--- START ---

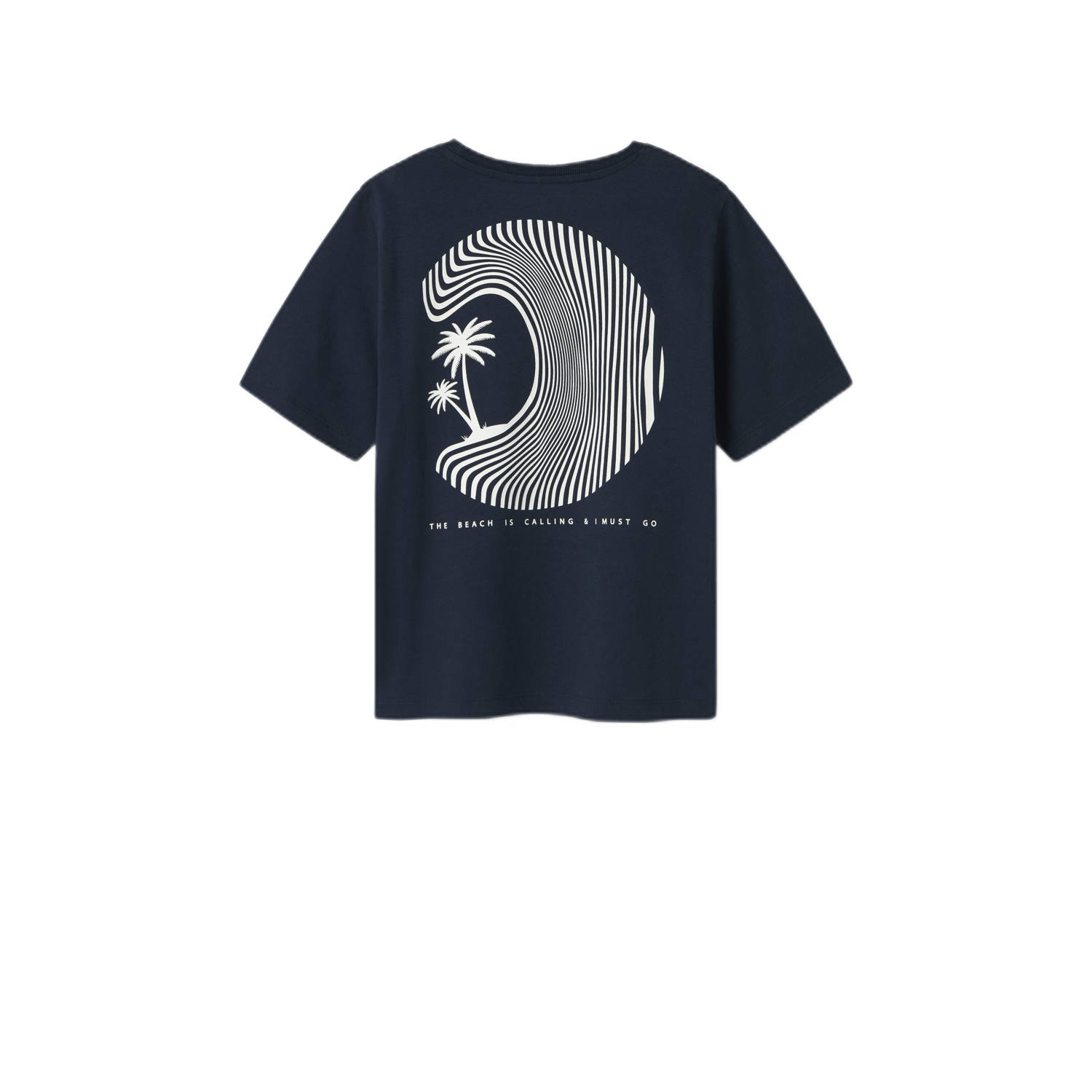 NAME IT KIDS T-shirt donkerblauw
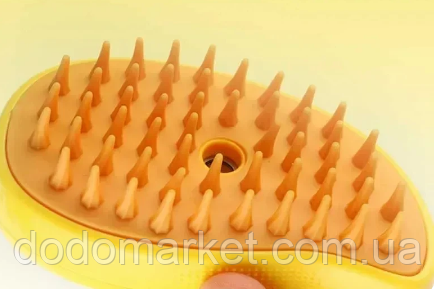 Парова щітка для котів та собак 3 в 1., фото 1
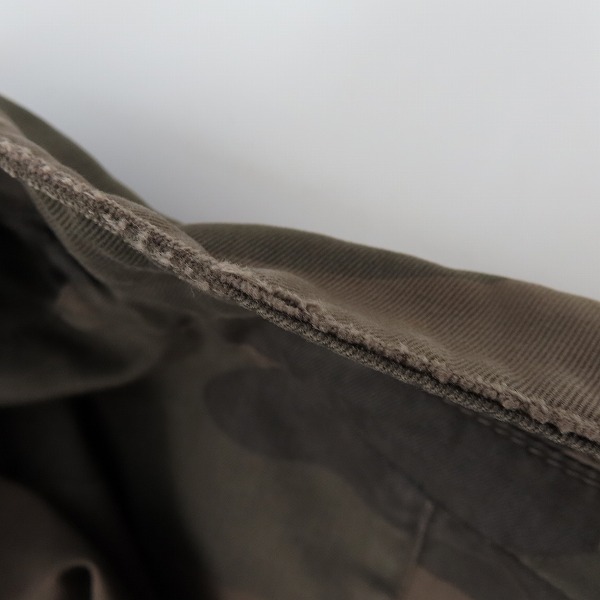 実際に弊社で買取させて頂いたHYDROGEN/ハイドロゲン カモ柄/迷彩 2B テーラードジャケット/XSの画像 5枚目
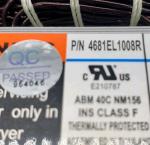 OEM LG Dryer Motor Assembly 4681EL1008R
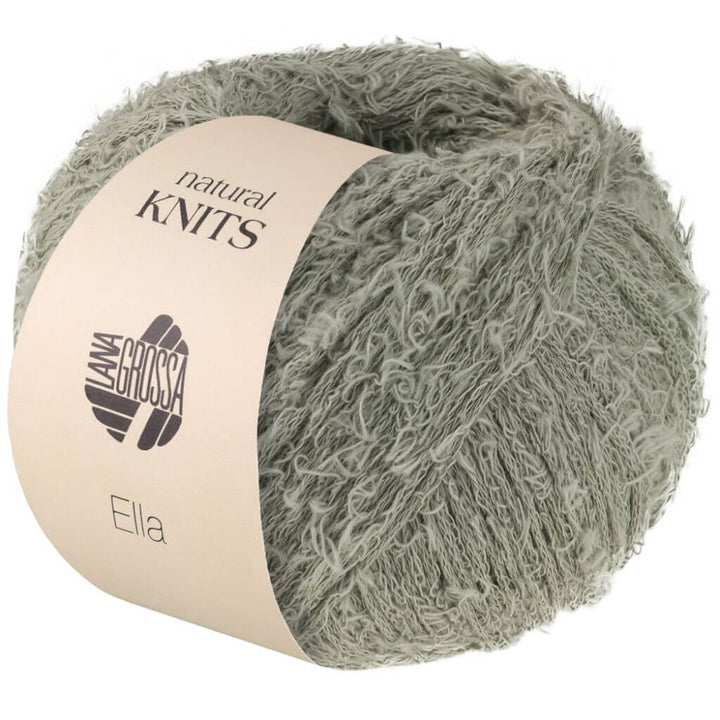 Lana Grossa 13 - Grau Lana Grossa Ella - 50g Lieblingsgarn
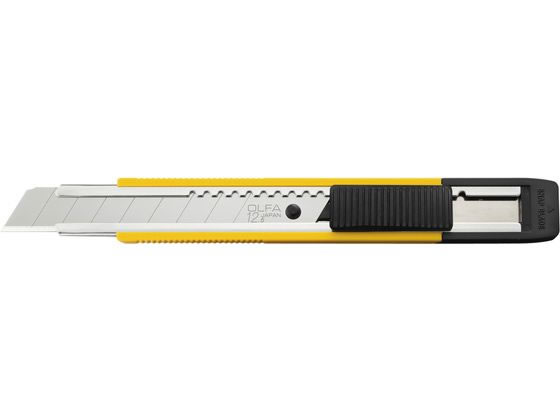 オルファ カッター 万能M厚型 イエロー 203BSY 1本(ご注文単位1本)【直送品】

--- END ---

The records above should be reproduced exactly, with the pictures omitted.

 NAME IT KIDS T-shirt donkerblauw
 Парова щітка для котів та собак 3 в 1., фото 1
 実際に弊社で買取させて頂いたHYDROGEN/ハイドロゲン カモ柄/迷彩 2B テーラードジャケット/XSの画像 5枚目
 OEM LG Dryer Motor Assembly 4681EL1008R
 Lana Grossa 13 - Grau Lana Grossa Ella - 50g Lieblingsgarn
 オルファ カッター 万能M厚型 イエロー 203BSY 1本(ご注文単位1本)【直送品】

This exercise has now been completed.